Total synthesis of burkholdacs A and B and 5,6,20-tri-epi-burkholdac A: HDAC inhibition and antiproliferative activity
- Eur J Med Chem. 2014 Apr 9:76:301-13. doi: 10.1016/j.ejmech.2014.02.044.
- 1. Laboratory of Synthetic and Medicinal Chemistry, Faculty of Pharmaceutical Sciences, Tohoku Pharmaceutical University, 4-4-1 Komatsushima, Aoba-ku, Sendai 981-8558, Japan.
- 2. Division of Molecular Pharmacology, Cancer Chemotherapy Center, Japanese Foundation for Cancer Research, 3-10-6 Ariake, Koto-ku, Tokyo 135-8550, Japan.
- 3. Division of Molecular Pharmacology, Cancer Chemotherapy Center, Japanese Foundation for Cancer Research, 3-10-6 Ariake, Koto-ku, Tokyo 135-8550, Japan; Pharmaceuticals and Medical Devices Agency (PMDA), 3-3-2 Kasumigaseki, Chiyoda-ku, Tokyo 100-0013, Japan.
- 4. Chemical Genetics Laboratory, RIKEN, 2-1 Hirosawa, Wako-shi, Saitama 351-0198, Japan.
- 5. Laboratory of Synthetic and Medicinal Chemistry, Faculty of Pharmaceutical Sciences, Tohoku Pharmaceutical University, 4-4-1 Komatsushima, Aoba-ku, Sendai 981-8558, Japan. Electronic address: [email protected].
The bicyclic depsipeptide histone deacetylase (HDAC) inhibitors burkholdacs A and B were efficiently synthesized in a highly convergent and unified manner. The synthesis features the amide coupling of a D-valine-D-cysteine- or D-allo-isoleucine-D-cysteine-containing segment with a D-methionine-containing segment to directly assemble the corresponding seco-acids, key precursors for macrolactonization.
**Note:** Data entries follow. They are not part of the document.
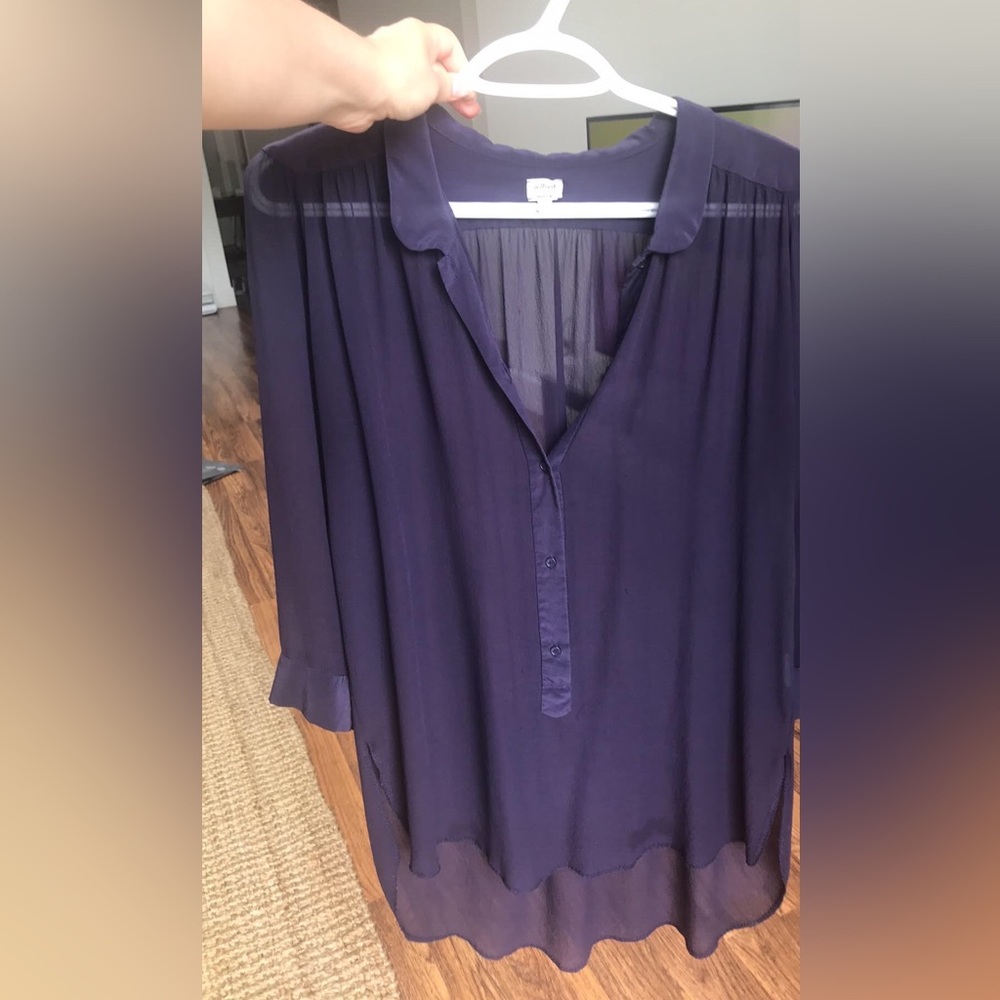 Wilfred Purple Sheer Blouse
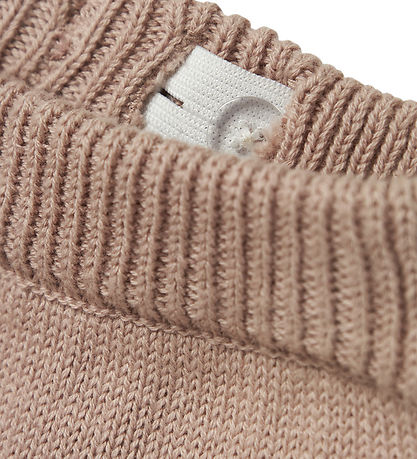 Lil' Atelier Bukser - Strik - NbfEmlen - Shadow Gray m. Blomster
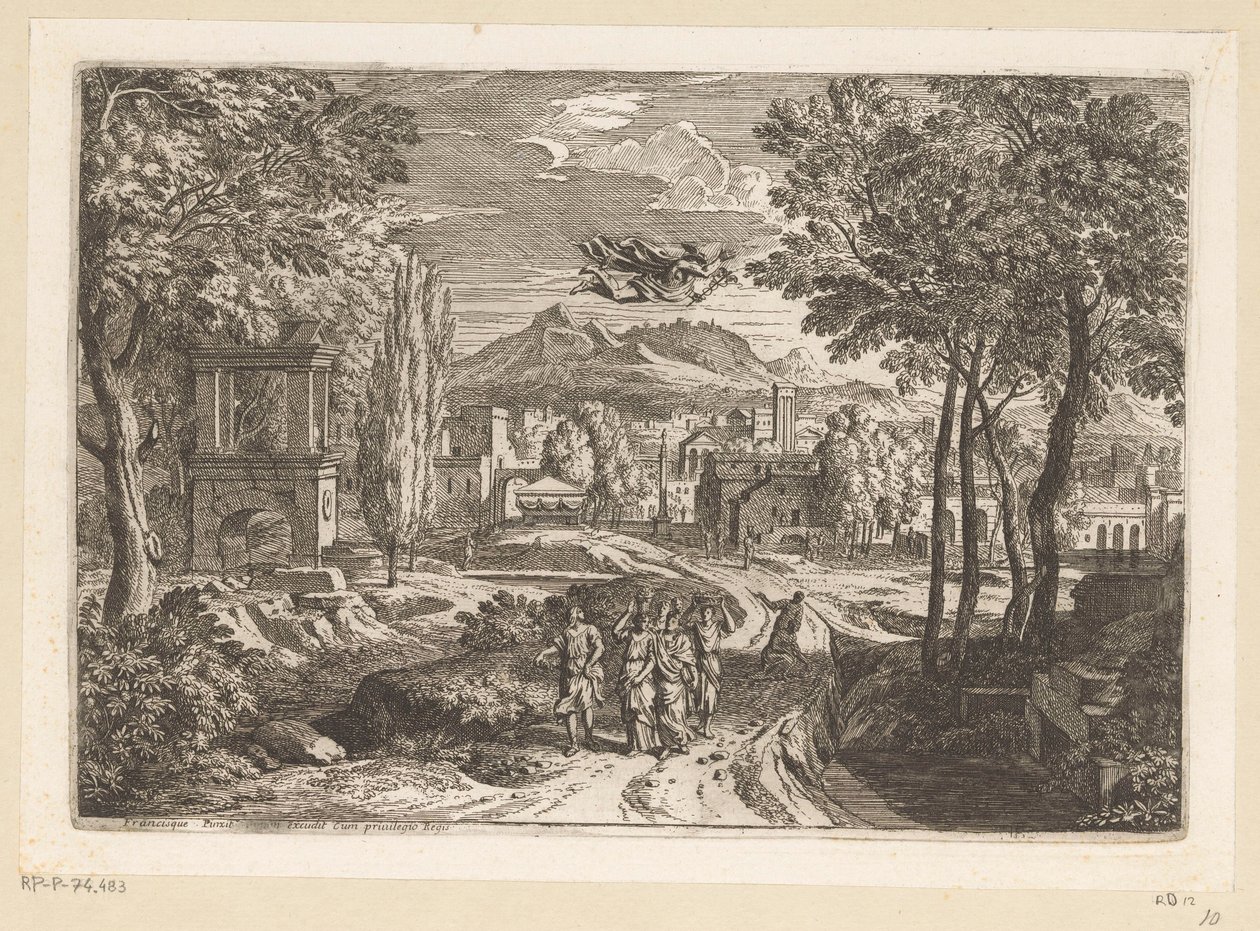 Arkadische Landschaft mit den Töchtern des Kekrops von Théodore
Using the same methodology, 5,6,20-tri-epi-burkholdac A was also synthesized. HDAC inhibitory assays and cell-growth inhibition analyses of the synthesized depsipeptides demonstrated the potency order of this class of bicyclic depsipeptides as compared to the clinically approved depsipeptide FK228 (romidepsin). Novel structure-activity relationships within this class of compounds were also revealed.